I had a job for a series of commercial installation that I worked pre-press for, but I was not the original artist. The target wall I was working with was 96′ to 106′ wide, depending on which site. After we had installed several of these murals, I got a call from my installer asking:
Hey, why is there a map of the state of Florida here in the middle of this panel? It doesn’t look right.
What had happened, was that the original artist was also working on a project for a retirement village is his home state of Florida. He had accidentally copy-pasted this map locating the retirement village into my mural graphic. The map size, when printed, was about 4′ by 4′. I didn’t catch it because when I was working on the whole mural with 20 layers at 100′ wide, I didn’t even notice this out of place element.
What to do with errors on a wallcovering mural
I had to deal with a quanity of four 16′ errors on four differently sized murals. I had to reprint each one individually. Because of the size of the files, I did not save the fully layered Photoshop files, but only the flattened files. This was a problem.
What I did
- I open the original layered monstrosity, and then added a new layer consisting of a 20′ section of the previously printed design. Thankfully they both have the same color profiles.
- I aligned the layered components around the 20′ section until they matched.
- I eliminated the 20′ section, leaving the layered components in the right areas.
- I cropped the image down to a manageable 54″ section (54″ is a standard panel width for wallcovering, and it also manages to cover 4′ of image, plus plenty of bleed)

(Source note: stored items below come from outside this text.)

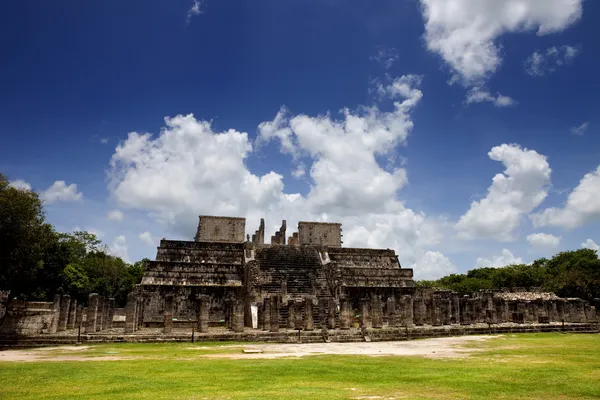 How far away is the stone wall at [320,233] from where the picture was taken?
146 feet

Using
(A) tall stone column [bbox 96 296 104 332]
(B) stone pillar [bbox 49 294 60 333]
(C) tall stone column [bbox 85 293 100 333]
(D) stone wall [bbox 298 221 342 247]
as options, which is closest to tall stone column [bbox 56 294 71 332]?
(B) stone pillar [bbox 49 294 60 333]

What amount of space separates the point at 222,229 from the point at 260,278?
14410 mm

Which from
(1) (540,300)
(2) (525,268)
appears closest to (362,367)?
(1) (540,300)

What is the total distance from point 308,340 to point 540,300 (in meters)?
19.6

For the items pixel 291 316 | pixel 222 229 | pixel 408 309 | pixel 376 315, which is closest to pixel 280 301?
pixel 291 316

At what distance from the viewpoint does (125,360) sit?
1252 centimetres

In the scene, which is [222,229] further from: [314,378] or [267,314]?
[314,378]

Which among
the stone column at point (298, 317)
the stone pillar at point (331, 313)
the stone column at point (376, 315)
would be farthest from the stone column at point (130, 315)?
the stone column at point (376, 315)

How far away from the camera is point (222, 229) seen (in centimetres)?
4347

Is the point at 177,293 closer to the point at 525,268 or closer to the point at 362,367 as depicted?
the point at 362,367

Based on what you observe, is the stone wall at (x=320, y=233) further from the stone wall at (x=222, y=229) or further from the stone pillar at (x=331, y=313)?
the stone pillar at (x=331, y=313)

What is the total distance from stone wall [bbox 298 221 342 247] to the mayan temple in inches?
283

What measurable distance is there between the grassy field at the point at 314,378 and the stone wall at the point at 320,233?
31.2 metres

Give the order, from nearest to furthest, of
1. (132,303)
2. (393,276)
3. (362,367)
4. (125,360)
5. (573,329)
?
(362,367) → (125,360) → (132,303) → (573,329) → (393,276) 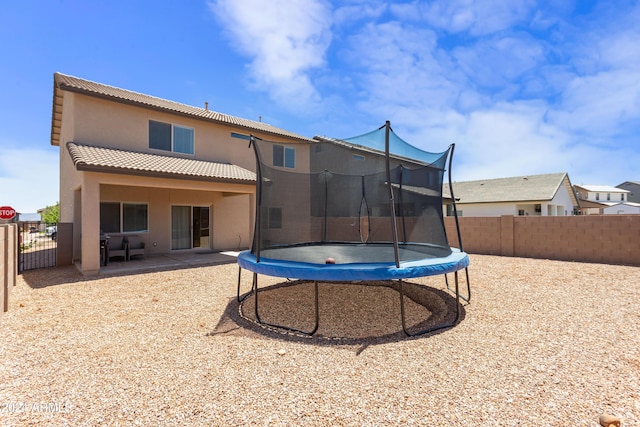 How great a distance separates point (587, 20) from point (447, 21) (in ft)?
10.2

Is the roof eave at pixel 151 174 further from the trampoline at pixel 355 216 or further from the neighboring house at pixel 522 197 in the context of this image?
the neighboring house at pixel 522 197

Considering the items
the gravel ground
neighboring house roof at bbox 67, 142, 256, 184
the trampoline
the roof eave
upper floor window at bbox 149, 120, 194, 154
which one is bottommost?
the gravel ground

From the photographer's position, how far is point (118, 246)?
8.77 metres

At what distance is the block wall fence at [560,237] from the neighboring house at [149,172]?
7.26m

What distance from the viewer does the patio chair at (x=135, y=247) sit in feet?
28.2

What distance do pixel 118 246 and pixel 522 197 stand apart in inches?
888

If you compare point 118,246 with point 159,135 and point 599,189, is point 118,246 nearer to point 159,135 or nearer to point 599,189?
point 159,135

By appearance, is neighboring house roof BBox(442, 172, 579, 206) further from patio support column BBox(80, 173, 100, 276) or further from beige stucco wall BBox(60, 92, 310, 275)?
patio support column BBox(80, 173, 100, 276)

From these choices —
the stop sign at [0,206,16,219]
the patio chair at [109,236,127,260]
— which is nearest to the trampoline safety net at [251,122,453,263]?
the patio chair at [109,236,127,260]

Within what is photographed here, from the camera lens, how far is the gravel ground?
193cm

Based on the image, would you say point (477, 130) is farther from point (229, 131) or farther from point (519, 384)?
point (519, 384)

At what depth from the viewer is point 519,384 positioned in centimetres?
224

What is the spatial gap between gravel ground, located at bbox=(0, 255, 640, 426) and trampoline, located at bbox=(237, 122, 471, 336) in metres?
0.43

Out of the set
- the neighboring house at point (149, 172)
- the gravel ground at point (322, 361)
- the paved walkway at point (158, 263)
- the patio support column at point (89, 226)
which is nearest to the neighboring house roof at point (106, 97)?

- I had the section reprinted. And the new installation WITH the existing install was no big deal. I had a professional wallcovering installer splice the new and old together with a custom double cut splice. He used an adhesive lovingly referred to as VOV, or Vinyl On Vinyl (adhesive) to make all of the new and old edges stay put.
But what about color matching?
Now, although I matched the color profiles of the files, that does NOT mean that the final output will match. We have several issues to get past: Ink variations, print head temperature, humidity, and of course substrate batch color/texture.
Thankfully, for my situation, the wall mural had so many colors and so much visual noise, any color discrepancy did not matter. If it DID make a difference, I would have had to have reprinted the entire mural.
Size Errors
Not all errors have to do with design. Sometimes the mural is just too large, or too small.
- If it’s too large, hopefully you can just re-crop at the installation site. I’ve had experience cropping off 10 feet of mural height with decent success.
- If it’s too small, you will likely be adding more image – consider all of your Photoshop/Illustrator options here- image mirroring, color fades, adding noise, duplicating elements. Installing extra width or height can be handled as mentioned above.